I was off the rails in school. I needed a better way to release my energy without getting in trouble and ignoring teachers. My language was becoming a weakness for me in school, because it would always get me up to no good. So I decided the best way to release all that energy was to do the one thing I liked the most. I decided to practice my scoot tricks in the morning before school. This helped me so much. I was so much more focused and calm in school. I had less stress and with that I learned to control my language.
I made an alter ego for when I was speaking to important people and I started calming down and trying to not be so annoying in class. I began to speak properly to my teachers and parents. I began to use my language as a skill instead of a weakness. My parents always told my I had good talking skills. They told me that I worded things in a way that was very professional and persuasive. Now I sit back and think to myself just how powerful I have become from my language and all this time, all I had to do was reveal it.
Where Language Comes Out
“Hey Eli, get a kippah on, let’s go!”
“Sorry Mom, one second let me find one.”
“Eli! You do this every week! Hurry up!”
It was shabbos morning or the sabbath as some other people call it. Man I am not excited to go today. I’m just not feeling it. Maybe if I say I have work to do my Mom won’t make me go.

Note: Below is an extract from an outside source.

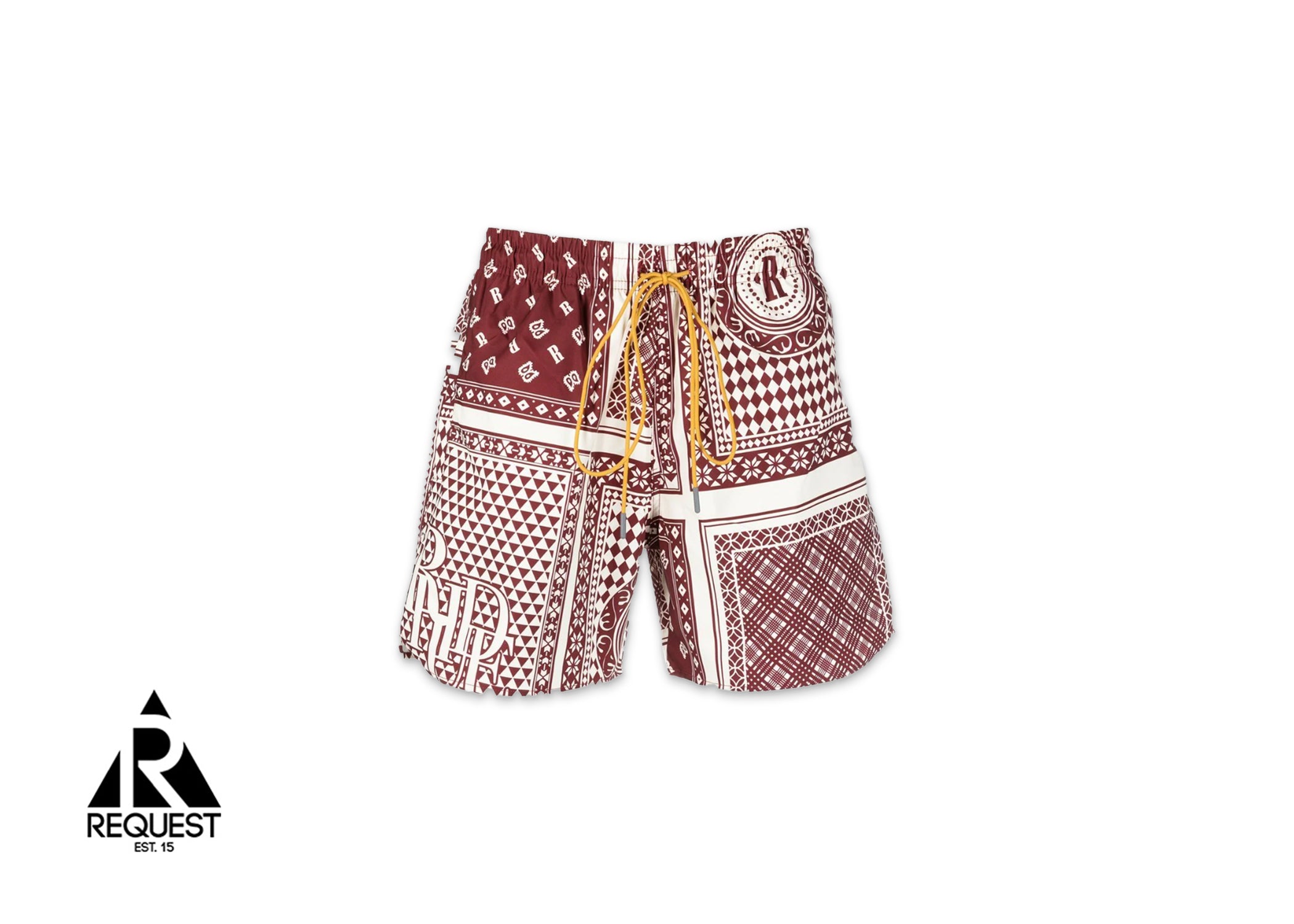 Rhude Card Print Swim Shorts “Maroon”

“Hey Mom! I have a ton of work to do I don’t know if I should go.”
“Eli Block! You are going to Synagogue.”
Reluctantly I walked down stairs and headed for Synagogue. The walk is short and pleasant with the cool breeze and smell of ashes in a fire place running through the city. We arrived at the small Synagogue that sits atop a Boar's Head Deli in the middle of center city. The smell of waiting cholent (a Jewish food often made for the meal after Synagogue) rushed through the opening door. I walked about the steep narrow stairs to the top of the Synagogue. I hanged my coat up on the rack threw my kippah on my head and strode into the main room where the Rabbi was giving his Dvar Torah. As he began to speak about this weeks Torah portion I fell asleep.. Resting my arm on my leg and my head on my arm I fell into a restful quick sleep.
I was woken by the violent poking of my brother telling me to wake up before we started to pray again. Sleepily I rubbed my eyes and stood up. I opened my Siddur (Jewish prayer book) and turned to where we were. The familiar cadence of the Amidah hummed through my head. I started to sing along with the community. The lines and lines of prayers to God would go on for another hours or so. Then kiddush started. It is a small meal after synagogue’s prayers and this is where a lot of my true language comes out.
“Hey Eli, can you babysit for Yuval tonight?”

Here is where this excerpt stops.